No se les unieron burócratas, ellos viven en el interior del Palacio;
tampoco se les unieron empresarios, puesto que tienen poco tiempo libre; fue un
grupo de estudiantes y periodistas que caminaban por la calle. Vieron a los
pobres hombres con sus pancartas en el aire, gritando con la furia que solamente
puede sentir quien ha vivido una injusticia. A los treinta hombres se les había
quitado el agua, sin previo aviso ni explicación alguna.
El nuevo grupo se sumó a la manifestación, llamaron a sus conocidos,
tweetearon, bloggearon, redactaron en periódicos y hablaron en radios a favor
de la causa. La siguiente semana, a las orillas del Palacio habían quinientas
personas gritando, reclamaban que se devuelva el agua a los habitantes del
pueblo Lejano.
Tras las ventanas del Palacio, el barullo comenzaba a molestar a los
burócratas, quienes a pesar de haber elevado el volumen de la música, no podían
concentrarse y continuar con sus papeleos e importantísimas funciones diarias.

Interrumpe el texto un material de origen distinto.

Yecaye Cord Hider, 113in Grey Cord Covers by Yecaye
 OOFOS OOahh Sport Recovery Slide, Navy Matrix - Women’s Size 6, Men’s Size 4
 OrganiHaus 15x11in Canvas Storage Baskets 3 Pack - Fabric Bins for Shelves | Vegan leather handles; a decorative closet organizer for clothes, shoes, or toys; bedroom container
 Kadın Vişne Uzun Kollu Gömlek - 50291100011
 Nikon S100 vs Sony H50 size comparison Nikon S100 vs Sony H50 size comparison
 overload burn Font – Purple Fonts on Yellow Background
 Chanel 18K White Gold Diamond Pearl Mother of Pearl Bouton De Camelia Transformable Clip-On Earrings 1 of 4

Todos concordaron con que la situación podía complicarse, era preciso reunir a
los más altos funcionarios y esperar a que señalaran un curso de acción. Urge
una respuesta a los manifestantes, un discurso quizás, sugirieron los
burócratas. Los altos funcionarios, malhumorados, decidieron celebrar una
reunión esa misma tarde, después del almuerzo en el restaurant, de las
entrevistas y de la sesión de fotos, claro.
La reunión duró casi una hora. Cansados, los altos funcionarios,
decidieron celebrar la decisión con una copita de champagne. Después, se
acomodaron en los sillones, practicaron sus sonrisas y dejaron entrar a sus
periodistas. Éstos mandaron a rocoger las copas y a distribuir vasos de agua en
cada asiento. Comenzada la rueda de prensa, tuvieron la oportunidad de hablar
de cómo el increíble Juan Quiroz había logrado una medalla de oro para el país
y de la cuantiosa suma que el Palacio, siempre preocupado por el deporte, le
había otorgado para que construya un gimnasio en su pueblo natal (uno de los
funcionarios se sonrojó al ver la foto que le habían tomado junto al alcalducho
del pueblo). Comentaron sobre las importantes alianzas internacionales y sobre
el hermoso puente que acababan de inaugurar y que llevaría el nombre de uno de
ellos. Después, tras un cambio de cámara y una breve pausa, reemplazaron las
sonrisas por ceños fruncidos y rostros enervados, llenos de sangre. Había
llegado el tiempo de las acusaciones. Blandieron sus dedos amenazadores,
alzaron sus voces y en el nombre de la patria retaron a que se pruebe esto y
aquello. Sintieron tristeza por la oposición, guiada por “los mismos corruptos
de siempre”. Al final, tajantes, señalaron que el pueblo se merece la verdad, y
se la contaron.
¡Corten! -dijo el director-, ¡perfecto!, ahora, como habíamos quedado,
agarre el micrófono con la mano y vuelva a abrocharse el botón de la camisa,
sí, cruce las piernas y hable con tranquilidad. El funcionario, feliz por haber
contratado a un director tan experto, se dirigió a la cámara y comenzó a hablar
sobre el problema del agua en este pueblo Lejano. En pocos minutos, señaló que
no había tal falta de agua y que se trataba de un complot más en contra del Palacio.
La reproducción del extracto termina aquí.